BEGIN Input material

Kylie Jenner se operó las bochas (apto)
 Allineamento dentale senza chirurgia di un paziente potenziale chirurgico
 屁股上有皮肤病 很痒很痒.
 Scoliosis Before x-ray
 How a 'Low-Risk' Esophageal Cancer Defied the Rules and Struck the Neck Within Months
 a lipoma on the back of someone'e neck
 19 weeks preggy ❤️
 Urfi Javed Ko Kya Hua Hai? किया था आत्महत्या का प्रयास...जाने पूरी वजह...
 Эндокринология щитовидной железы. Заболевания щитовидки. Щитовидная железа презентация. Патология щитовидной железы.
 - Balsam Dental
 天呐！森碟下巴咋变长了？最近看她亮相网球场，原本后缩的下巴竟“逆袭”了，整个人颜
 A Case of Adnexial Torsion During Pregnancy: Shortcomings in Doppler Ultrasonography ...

END Input material

*Your task*.
The entries above are to be retyped exactly.

*Written response*.
Kylie Jenner se operó las bochas (apto)
 Allineamento dentale senza chirurgia di un paziente potenziale chirurgico
 屁股上有皮肤病 很痒很痒.
 Scoliosis Before x-ray
 How a 'Low-Risk' Esophageal Cancer Defied the Rules and Struck the Neck Within Months
 a lipoma on the back of someone'e neck
 19 weeks preggy ❤️
 Urfi Javed Ko Kya Hua Hai? किया था आत्महत्या का प्रयास...जाने पूरी वजह...
 Эндокринология щитовидной железы. Заболевания щитовидки. Щитовидная железа презентация. Патология щитовидной железы.
 - Balsam Dental
 天呐！森碟下巴咋变长了？最近看她亮相网球场，原本后缩的下巴竟“逆袭”了，整个人颜
 A Case of Adnexial Torsion During Pregnancy: Shortcomings in Doppler Ultrasonography ...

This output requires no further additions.